**PROVIDED RECORDS**.
◆ ◆ ◆ ◆
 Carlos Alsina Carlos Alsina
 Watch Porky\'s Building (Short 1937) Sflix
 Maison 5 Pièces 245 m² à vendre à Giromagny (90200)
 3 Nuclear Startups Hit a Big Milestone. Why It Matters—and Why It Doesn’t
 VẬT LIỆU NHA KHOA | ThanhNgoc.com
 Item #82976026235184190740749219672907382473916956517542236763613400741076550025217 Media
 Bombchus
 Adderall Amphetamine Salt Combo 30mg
◆ ◆ ◆ ◆
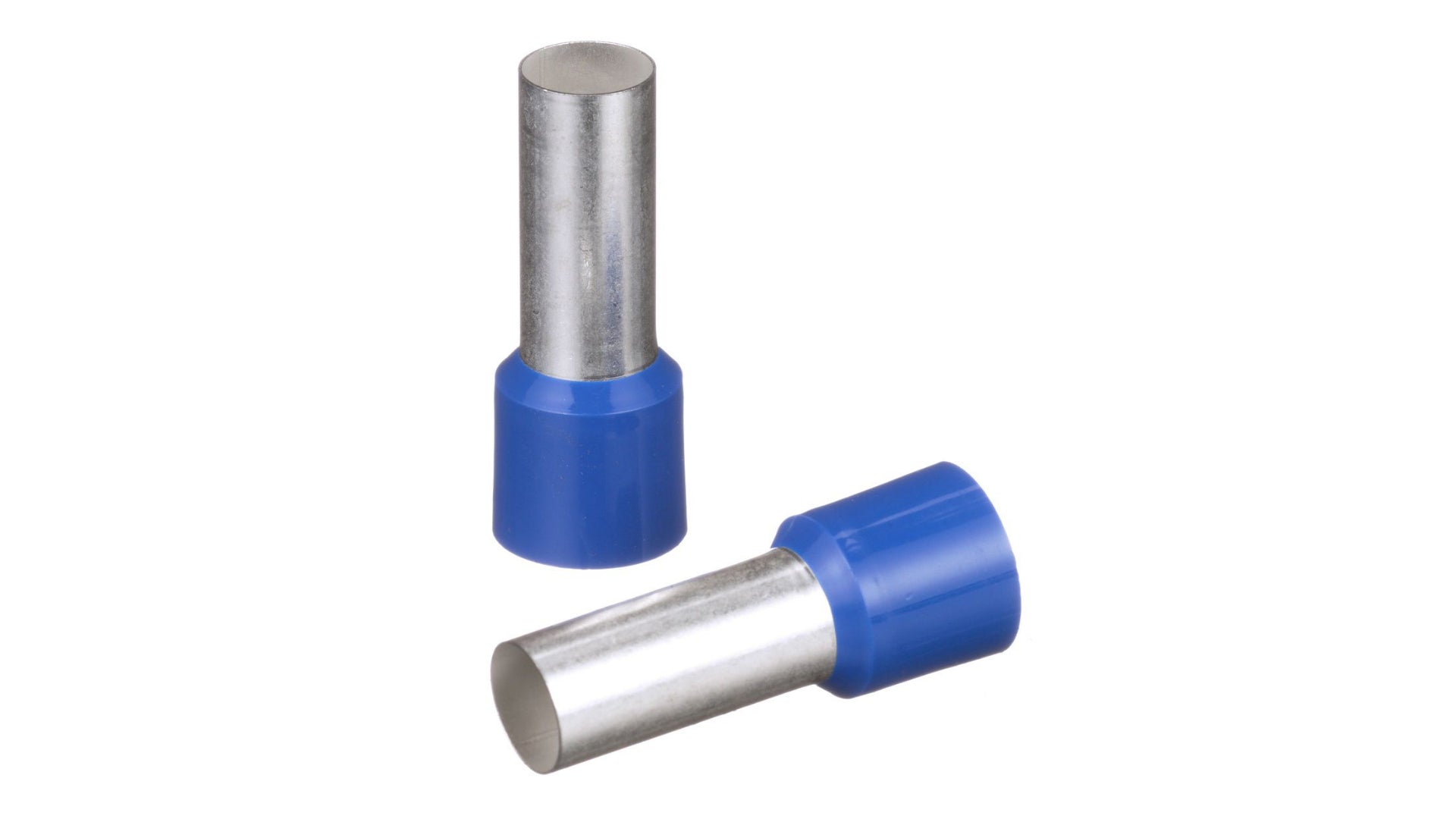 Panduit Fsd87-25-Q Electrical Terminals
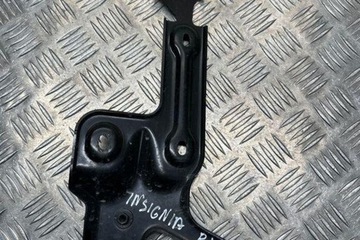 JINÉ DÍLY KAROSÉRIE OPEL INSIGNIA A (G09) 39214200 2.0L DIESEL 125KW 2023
◆ ◆ ◆ ◆
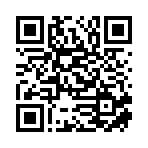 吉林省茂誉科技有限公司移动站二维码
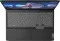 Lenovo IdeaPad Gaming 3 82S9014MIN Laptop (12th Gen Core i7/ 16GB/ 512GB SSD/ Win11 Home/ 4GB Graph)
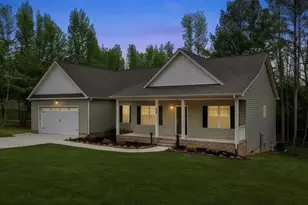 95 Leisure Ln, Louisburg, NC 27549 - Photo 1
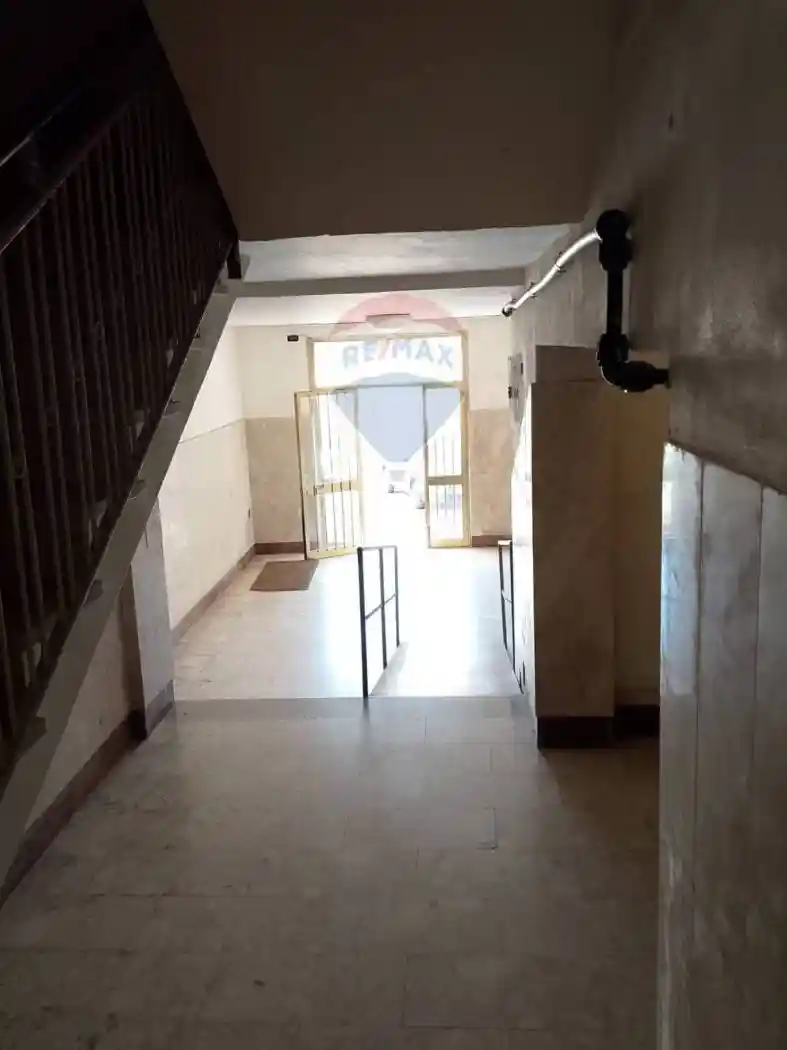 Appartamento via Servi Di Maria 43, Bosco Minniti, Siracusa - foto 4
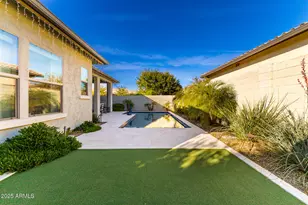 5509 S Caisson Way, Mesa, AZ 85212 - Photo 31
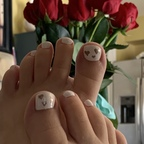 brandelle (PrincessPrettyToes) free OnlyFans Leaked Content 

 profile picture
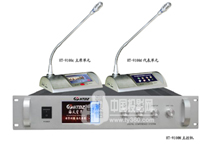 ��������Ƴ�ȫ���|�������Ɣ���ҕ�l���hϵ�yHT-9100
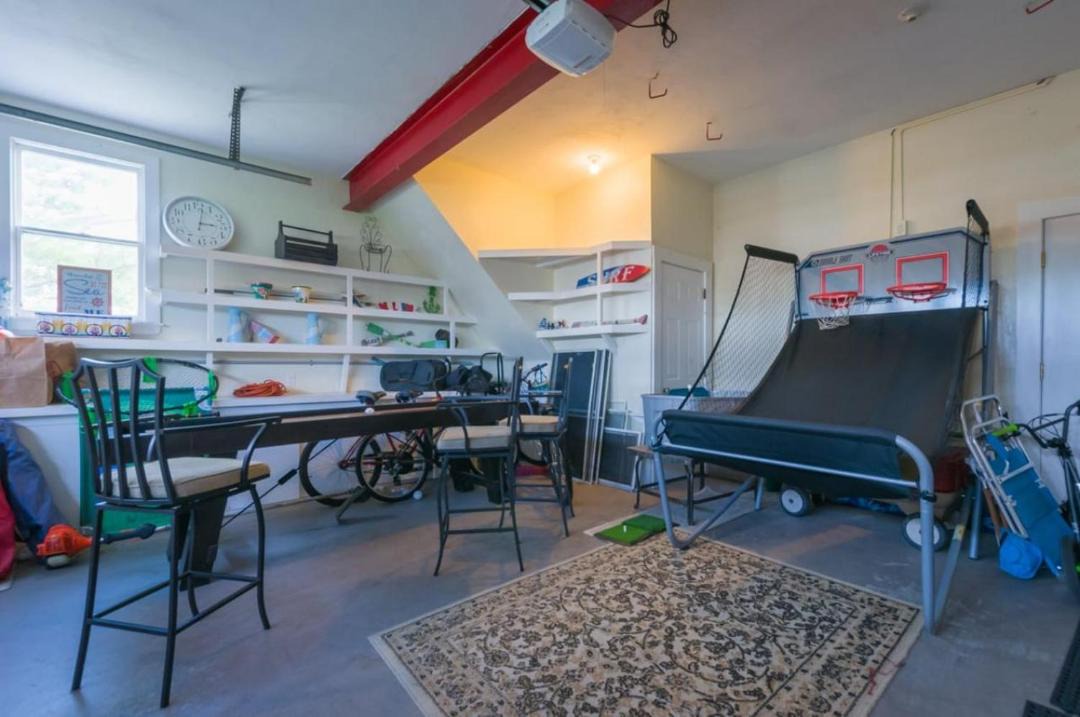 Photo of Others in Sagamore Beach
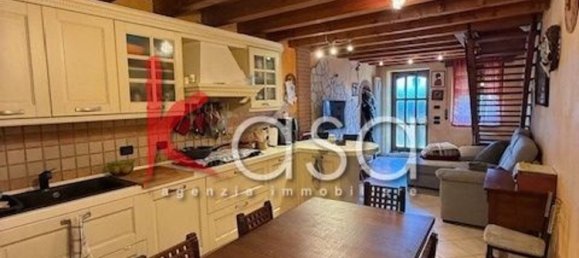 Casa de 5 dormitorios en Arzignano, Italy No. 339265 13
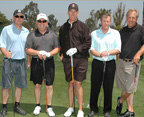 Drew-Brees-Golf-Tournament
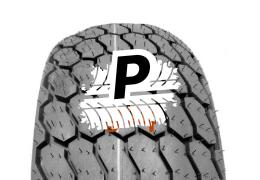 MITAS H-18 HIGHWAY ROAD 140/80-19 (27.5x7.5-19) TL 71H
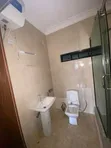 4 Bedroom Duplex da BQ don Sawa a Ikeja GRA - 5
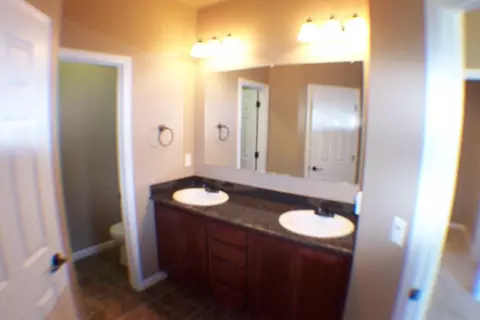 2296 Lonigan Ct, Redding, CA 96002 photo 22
◆ ◆ ◆ ◆
**WHAT THIS TASK INVOLVES**. Copy out the range of lines above starting at the line with "Carlos Alsina Carlos Alsina" and ending at the line with "Adderall Amphetamine Salt Combo 30mg", exactly and including both.

**WRITTEN ANSWER**.
 Carlos Alsina Carlos Alsina
 Watch Porky\'s Building (Short 1937) Sflix
 Maison 5 Pièces 245 m² à vendre à Giromagny (90200)
 3 Nuclear Startups Hit a Big Milestone. Why It Matters—and Why It Doesn’t
 VẬT LIỆU NHA KHOA | ThanhNgoc.com
 Item #82976026235184190740749219672907382473916956517542236763613400741076550025217 Media
 Bombchus
 Adderall Amphetamine Salt Combo 30mg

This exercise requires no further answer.